Existem poucos dados acerca da infância e juventude deste santo franciscano. Sabe-se, no entanto, que durante a infância ele foi acometido de uma grave enfermidade e curado após as orações de sua mãe pedindo a intercessão de São Francisco, como o próprio santo hagiógrafo, mais tarde, escreverá no prólogo da "Legenda Maior de São Francisco". João de Fidanza aprendeu as primeiras letras com os frades franciscanos de sua cidade e desde cedo demonstrava uma grande aptidão para os estudos.

Ainda jovem (1235) João foi enviado à Paris para, na universidade desta cidade, aprender artes (o que equivaleria à filosofia nos dias de hoje). Este lugar marcou a vida deste santo. Dessa universidade ele só saiu após a sua eleição para ministro geral da ordem dos menores, mesmo assim ele não abandonou a cidade de Paris que passou a ser a sede de seu generalato. Na Soborna, de 1235 até 1242 estudou artes. Em 1238 o jovem estudante aproximou-se mais da Ordem dos Frades Menores e em 1243 recebeu o hábito franciscano professando seus votos com o nome de frei Boaventura. Entre os anos de 1243 e 1248, Boaventura estudou teologia, juntamente com o dominicano Tomás de Aquino, tendo como mestre o então frei Alexandre de Hales, que recebera o hábito minórico em 1235 (já com cinqüenta anos). Este mestre de teologia foi tão importante na vida de São Boaventura que mais tarde será chamado de pai e mestre pelo Doutor Seráfico. Em 1248 frei Boaventura recebeu a licenciatura de bacharel em estudos bíblicos (primeiro grau da vida docente de então). Neste período teve início a intensa atividade acadêmica do mestre defensor da pobreza. No ano de 1250, o santo doutor recebeu o título de bacharel sentenciário, ou seja, recebeu o direito de comentar as sentenças de Pedro Lombardo. É durante este tempo (1250 -1254) que ele escreveu seu livro: "Comentários às Sentenças", sua mais extensa obra, onde explica o sentido das sentenças teológicas e filosóficas de Pedro Lombardo. No ano de 1254, frei Boaventura obteve o título de “magister” (mestre), o equivalente, nos nossos dias, ao grau de professor titular. Nesta fase da vida o doutor seráfico passou a ocupar a cátedra da Soborna reservada aos franciscanos desde Alexandre de Hales.

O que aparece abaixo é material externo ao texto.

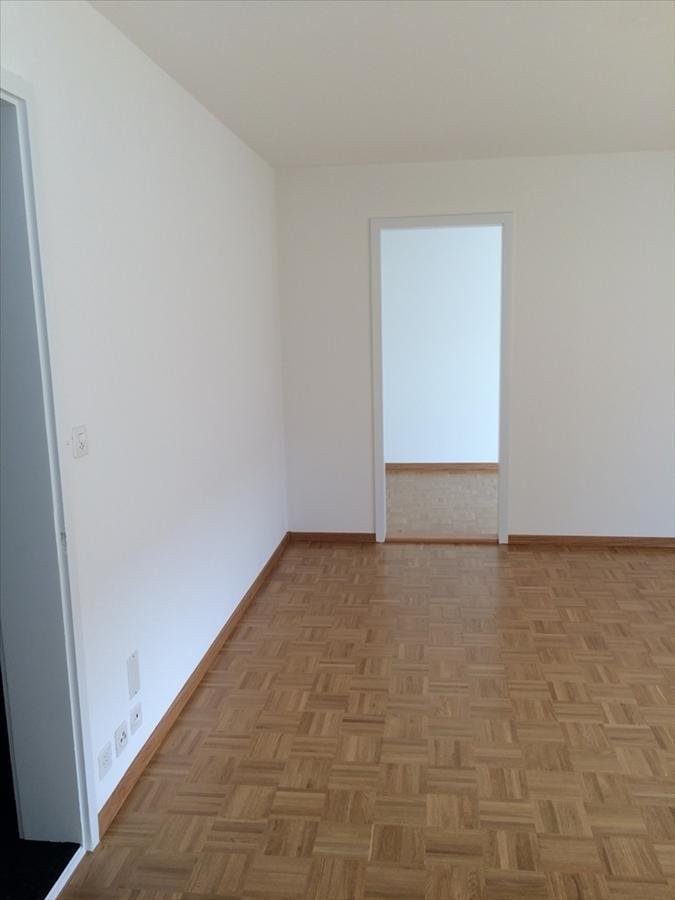 4 rooms apartment, photo 3 of 9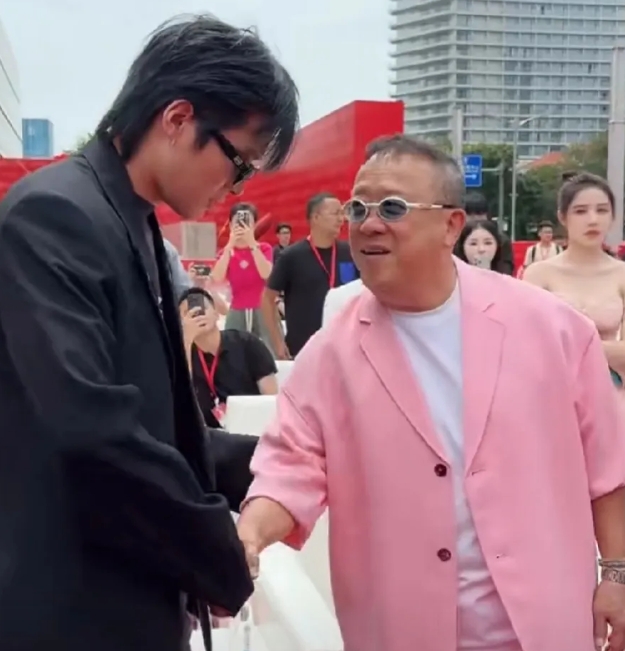 卖货的分成是由主播和商家达成的，平台的是按单定算的，主播的也是按单算的，卖的多就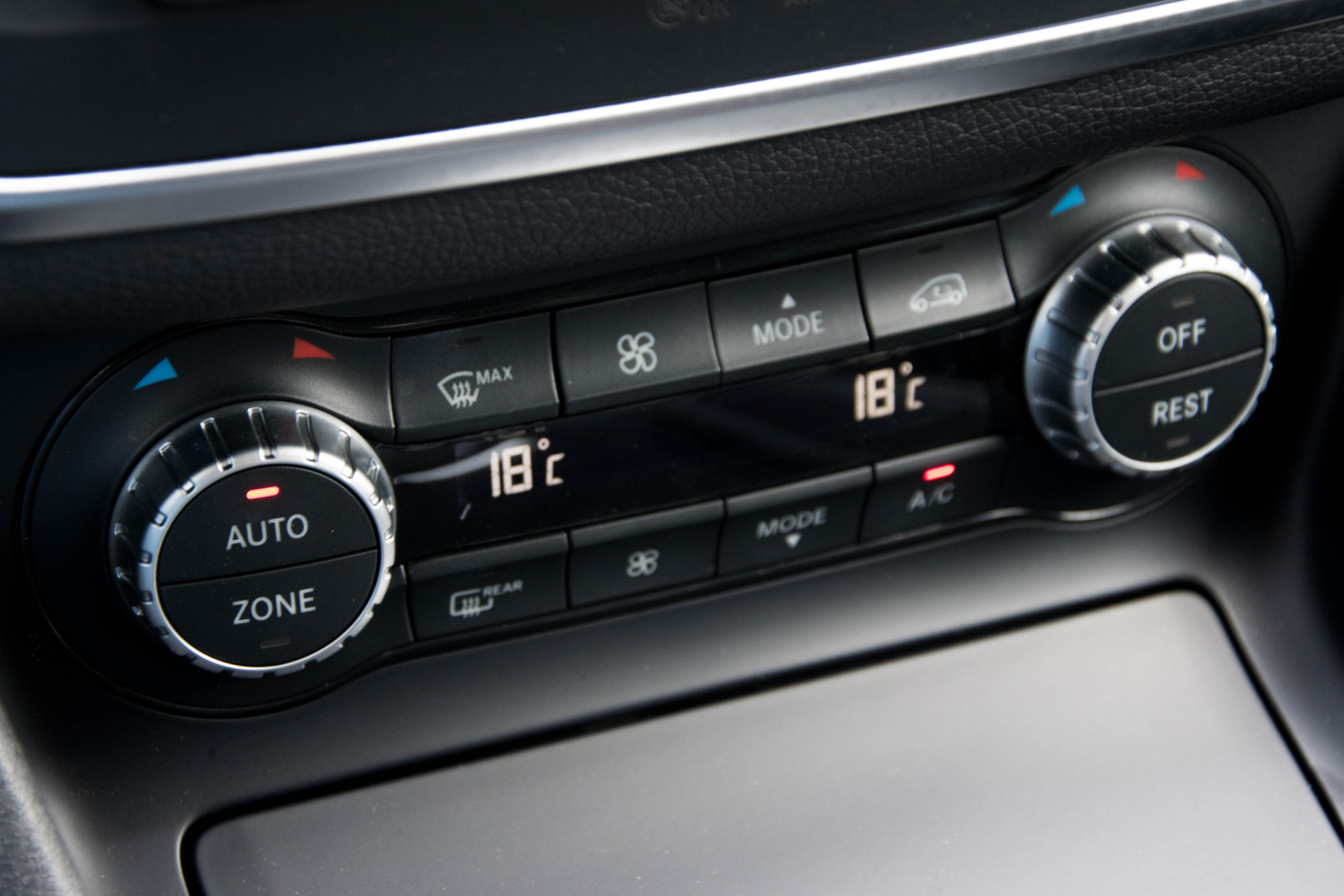 Mercedes-Benz CLA-Klasse 200 Cdi 4-M Urban Pano/Standkachel/Night/Camera/Xenon Aut7 Foto 13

Porém, em 1255 Boaventura foi obrigado a interromper a sua atividade docente devido a uma querela entre os mestres seculares e os mestres regulares da universidade de Paris. Neste período, Guilherme do Santo Amor empreendeu na referida universidade uma campanha para questionar o direito de lecionar e de existir das ordens mendicantes, que já ocupavam três cátedras na Soborna (duas delas pertenciam aos dominicanos e uma aos franciscanos). Neste contexto de disputa frei Tomás de Aquino e frei Boaventura uniram-se para defender a razão de existência e o direito de ensinar dos membros de suas ordens. Em 23 de outubro de 1256 o papa Alexandre IV designa nominalmente a frei Boaventura da Ordem dos Menores e a frei Tomás de Aquino da Ordem dos Pregadores o direito de ocuparem as suas cadeiras na universidade de Paris. Contudo, o santo franciscano só recebeu o grau de doutor e foi acolhido entres os mestres da Soborna em outubro de 1257, juntamente com Santo Tomás. Este título chegou tarde demais para frei Boaventura, pois no dia dois de fevereiro deste mesmo ano ele fora eleito Ministro Geral da Ordem dos Frades Menores (o sétimo sucessor de São Francisco) e, por isso, teve que abandonar a atividade docente - acadêmica - para sempre.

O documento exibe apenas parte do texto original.